▸ What is being asked
For every record beneath this instruction, give an exact repetition, omitting images.

Captioned web images
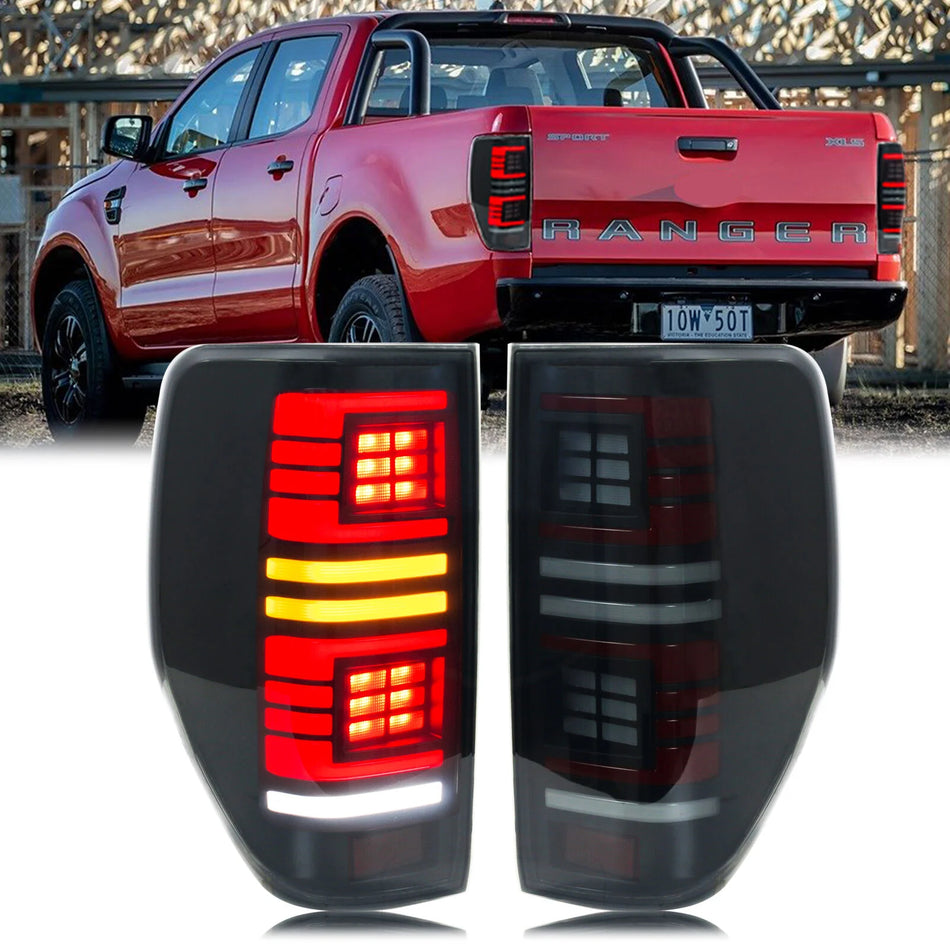 Ford Ranger LED Tail Lights With Sequential Turn Signal, Rear Lamps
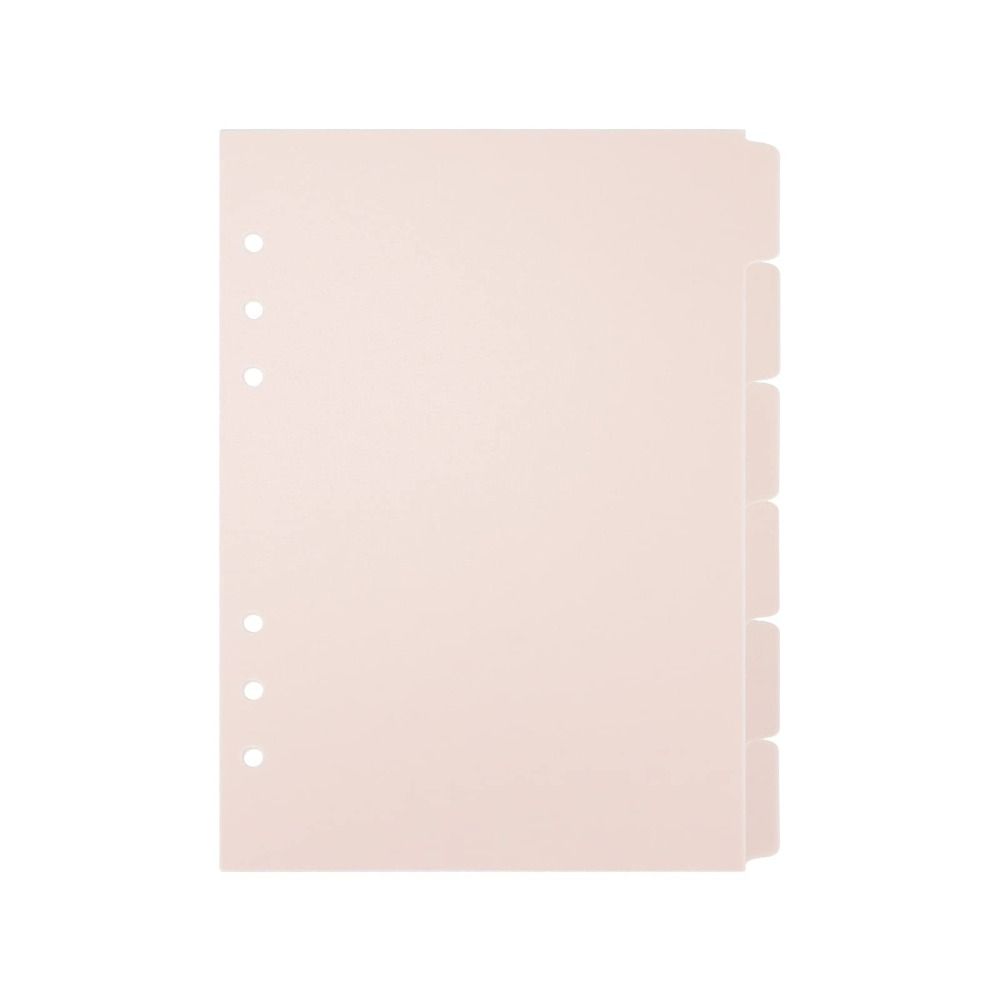 6 PCS 6 Ring Binder Divider 6 PCS Binder Index Dividers Planner Index Page Tabs Home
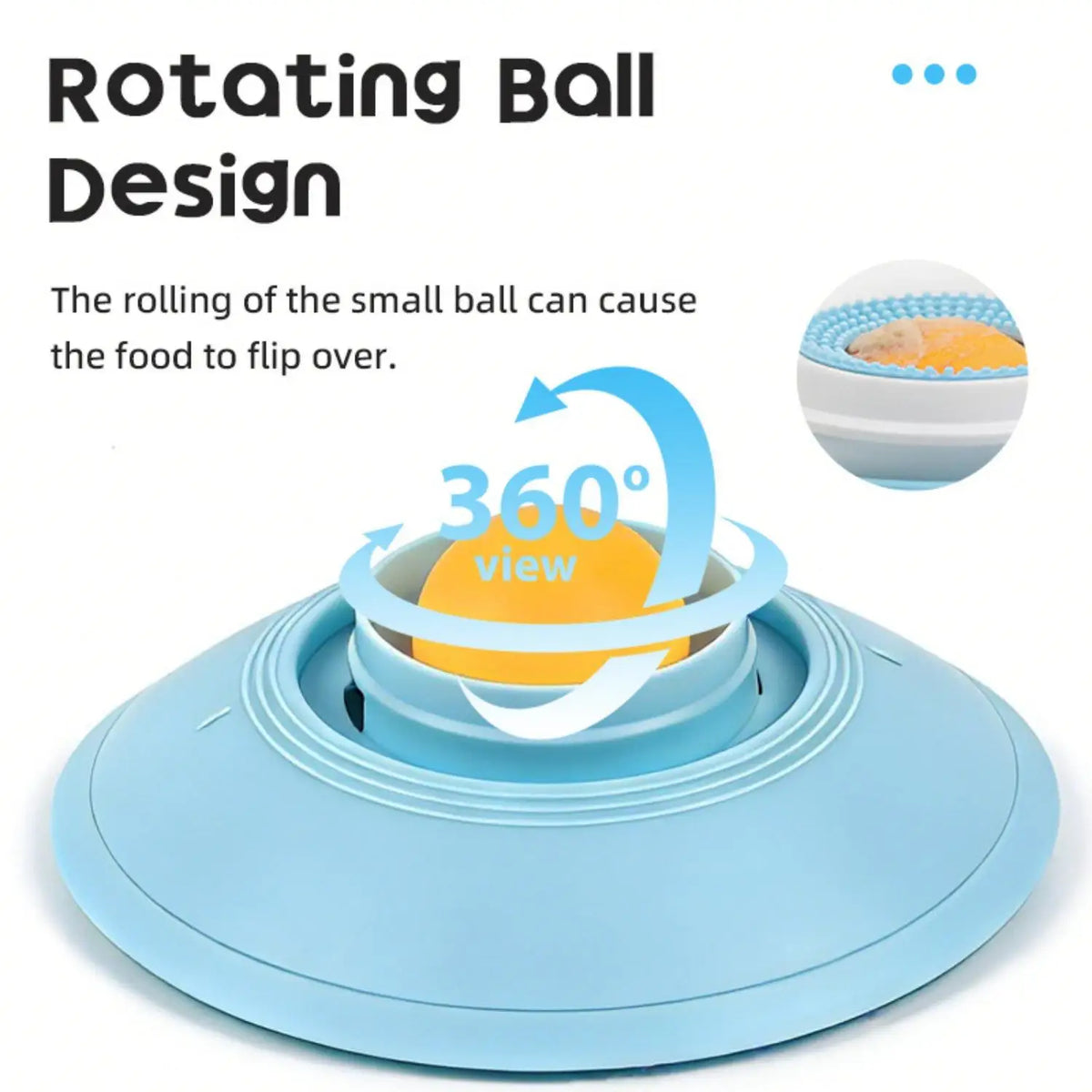 1pcs Dog Lick Bowl with Ball, Anti-Slip Licking Mat for Anxiety Relief, Slow Feeder for Liquid & Soft Food, Cat Dog Toy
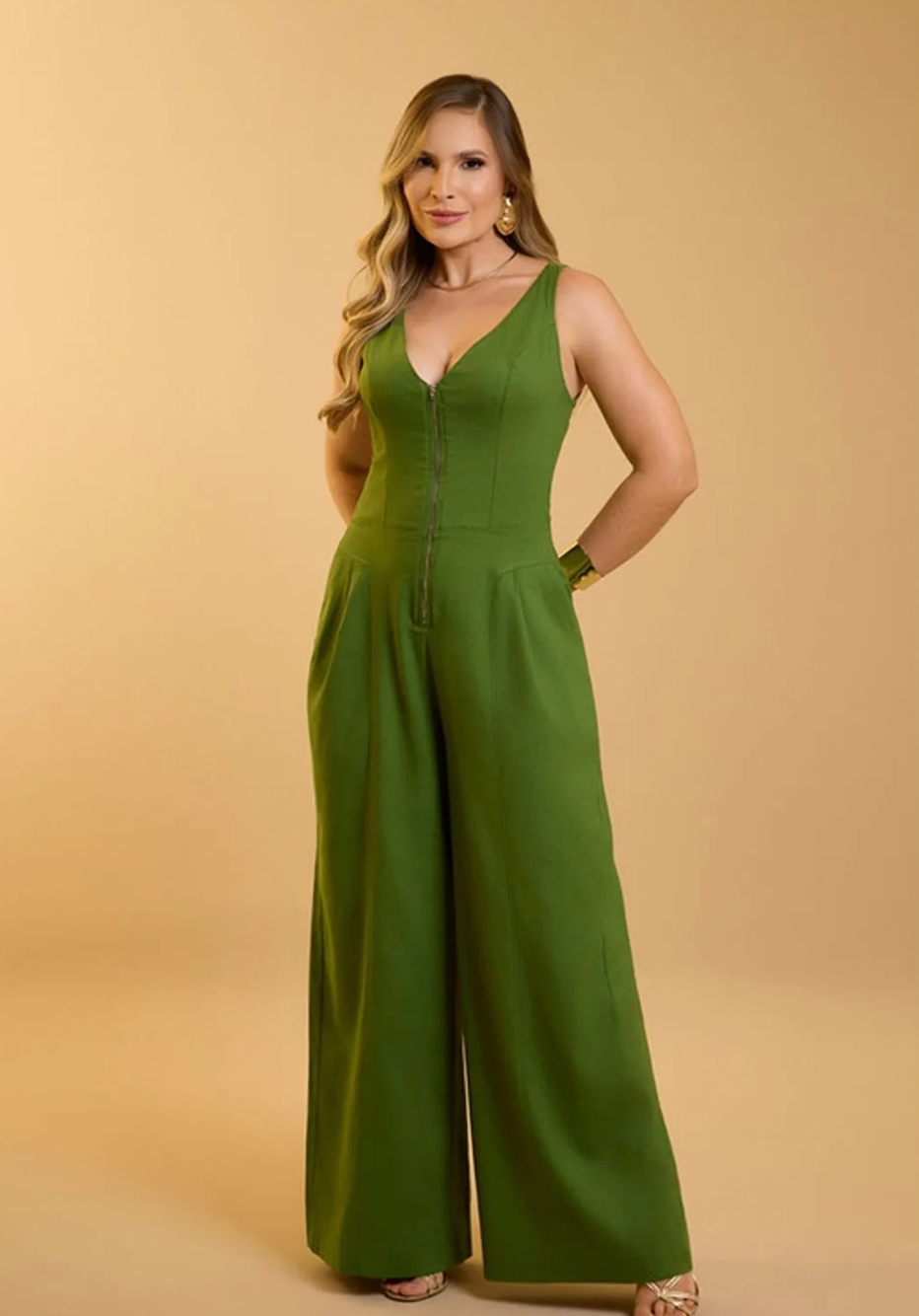 Macacão Pantalona Decote V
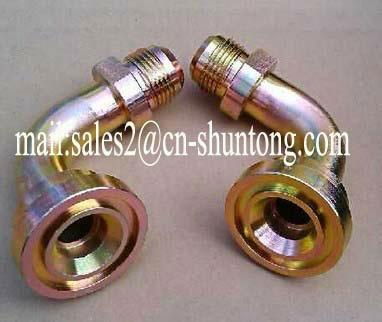 PIPE FITTING HOSE ADAPTER HYDRAULIC FITTING 45°SAE FLANGE 3000PSI 3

▸ Answer box
 Ford Ranger LED Tail Lights With Sequential Turn Signal, Rear Lamps
 6 PCS 6 Ring Binder Divider 6 PCS Binder Index Dividers Planner Index Page Tabs Home
 1pcs Dog Lick Bowl with Ball, Anti-Slip Licking Mat for Anxiety Relief, Slow Feeder for Liquid & Soft Food, Cat Dog Toy
 Macacão Pantalona Decote V
 PIPE FITTING HOSE ADAPTER HYDRAULIC FITTING 45°SAE FLANGE 3000PSI 3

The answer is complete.